Фортт лихорадочно закачал головой.

– Если для этого нужно подходить к флику, то мне плевать – я и в парке переночую.

– Зато Брекенбоку не плевать, – напомнил Манера Улыбаться. – Он же грозился нам головы оторвать, если мы пропустим репетицию. Нужно перебраться через канал и попасть в «Балаганчик» как можно скорее. Или ты хочешь оказаться в Фли после третьего звонка?

Со стороны могло бы показаться, что речь шла о старой театральной традиции, но в данном случае к театру это не имело никакого отношения. Здесь, по эту сторону канала, мало кто знал, что в тот миг, как вечер заканчивается и начинается ночь, по всему Фли из ржавых рупоров на столбах звучат три звонка, словно оповещая всю тамошнюю шушеру, что пора выбираться из своих нор.

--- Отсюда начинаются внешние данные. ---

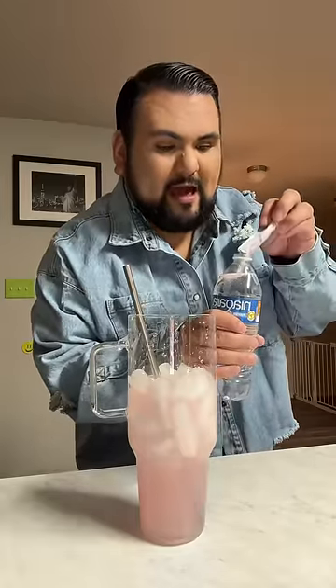My second water bottle — I'm adding in the pink starburst, but I'm gonna only add in about half. Mix that up.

Это напоминало сигнал кормежки в тюрьме, и после звонков на улицах Блошиного района лучше было не оставаться.

Фортт молчал. Гуффин покосился на него и продолжил:

– Вижу, что не хочешь. Поэтому я пойду и узнаю у флика дорогу.

– Ты? – с надеждой уточнил Фортт.

– Я, – кивнул Гуффин. – Я ведь хороший друг. Можешь спрятаться и подождать меня.

– Спасибо, Манера Улыбаться, – с горячностью произнес Фортт. – Ты действительно хороший друг.

– Не смей благодарить, – рявкнул Гуффин. – Шуты не благодарят.

– Прости.

– И не извиняются! Проклятье!

Не прибавив больше ни слова, Гуффин направился прямиком к констеблю.

Фортт бросил ему вслед:

– Может, оставишь мешок мне?!

– Нет уж, я его не оставлю, – злобно процедил Манера Улыбаться.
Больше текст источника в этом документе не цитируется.